Забыл, что военная жизнь – бывает мгновением.
Сейчас, с высоты прожитых лет, я свою нерешительность не оправдываю. Быть может, ему хотелось увидеть хоть такого сына, хоть трижды перекалеченного, знать, что он жив. Быть может, ему именно этого и не хватало все эти годы войны, чтобы приобрести уверенность, что он не один на этом свете, и приободриться. Ведь у него никого не осталось, что мама погибла, ему, наверное, сообщили и, возможно, раньше меня. А сознание одиночества пожилого человека гнетёт и старит вдвое сильнее. И самое грустное то, что я своей осторожностью, оберегая от одного, не уберёг его от другого… Что было сказать:
– Батьку, не сворачивай с колеи, поле ещё не разминировано! – забыл, выпало из памяти после нашей встречи.
И эта вина в моём сердце сидит горячим осколком. И этот осколок всякий раз поддевает его в неподходящий момент…
…После его рассказа мы ещё долго сидели, переживали: он – воспоминания, я – тепло, которое подтапливало меня откуда-то изнутри, щипало глаза. И чувство, сродни благодарности и великого сочувствия к нему, к ним… ко всем, прошедшим по трудным дорогам войны. А сколько осталось их, ушедших от нас и не успевших раскрыть нам свои души?.. Оставшихся по ту сторону памяти.
***
9-го Мая я, как и обещал, принёс поздравительную открытку в больницу. Текст в ней был самый обычный:
«Дорогой Димочка! Поздравляю тебя с Днём ПОБЕДЫ! Будь бодр, деятелен. Здоровья тебе и радости. Твой друг М. А. Я.»
Но нашего общего друга уже не было в живых. Он умер накануне, 7-го мая.
Ксюшина родня
Захлебнулась атака у нас, артналёт.
А сестра фронтовая ползёт и ползёт…
А огонь – никому не поднять головы.
А она всё ползёт через ямы и рвы.
День закатывался, а бомбежка не прекращалась. Ксюша страшно устала.

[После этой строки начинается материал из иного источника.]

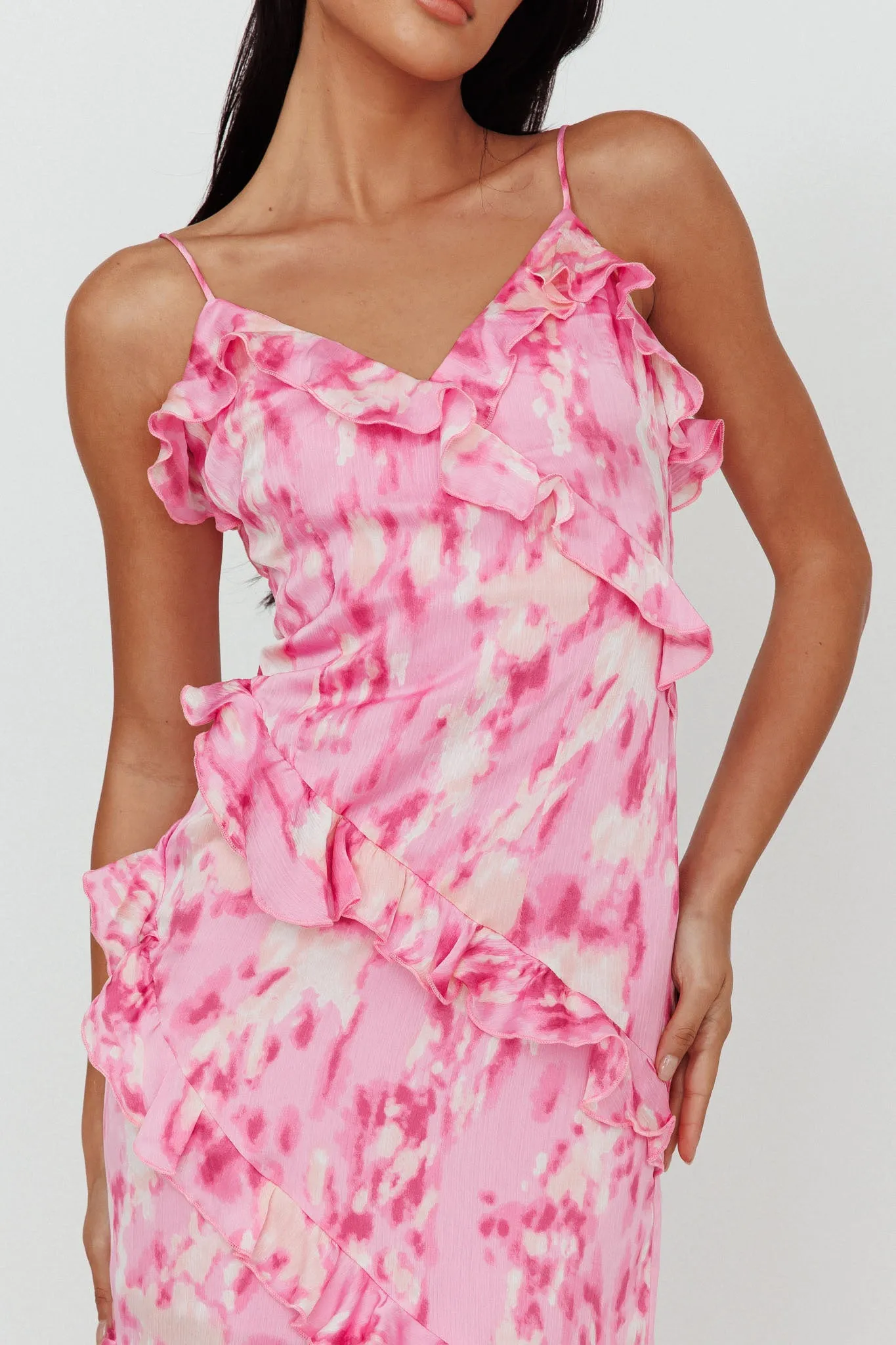 Silvana Frill Trim Midi Dress Print Pink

Казалось, что уже нет сил.
Троих она вытащила. Первый раненый был молодым и способным немного передвигаться. Волокла на плащ-палатке, а он одной ногой помогал. Дотащила, слава Богу, живым. Те, двое, мелкие мужики и двигаться тоже могли. А этот, четвертый…

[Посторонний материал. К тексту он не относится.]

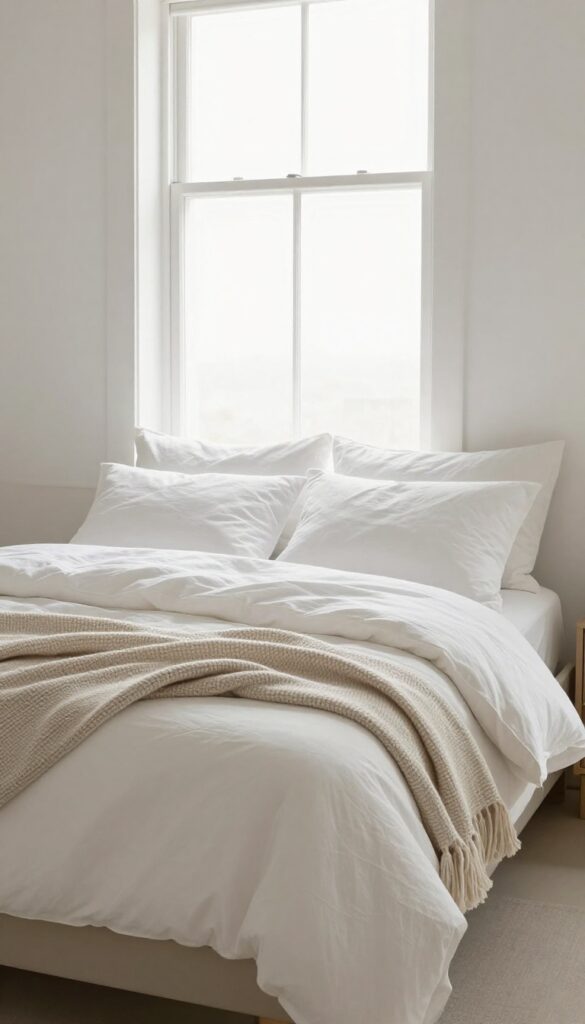 Neatly made bed with white linens and pillows in a bright, minimalist bedroom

Ксения напрягается, но сдвинуть раненого с места не может.
– Вот наказание! И кто только таких на фронт берёт? Ему бы вагонетки в шахте толкать… Да пошевелись же ты!
Раненый молчит. Руки вытянуты вдоль тела. Жив ли? Она наклоняется над ним, прикладывает ухо к груди. Живой…
– Эй, дядя, как ты тут?
Ксюша легонько теребит за рукав гимнастерки.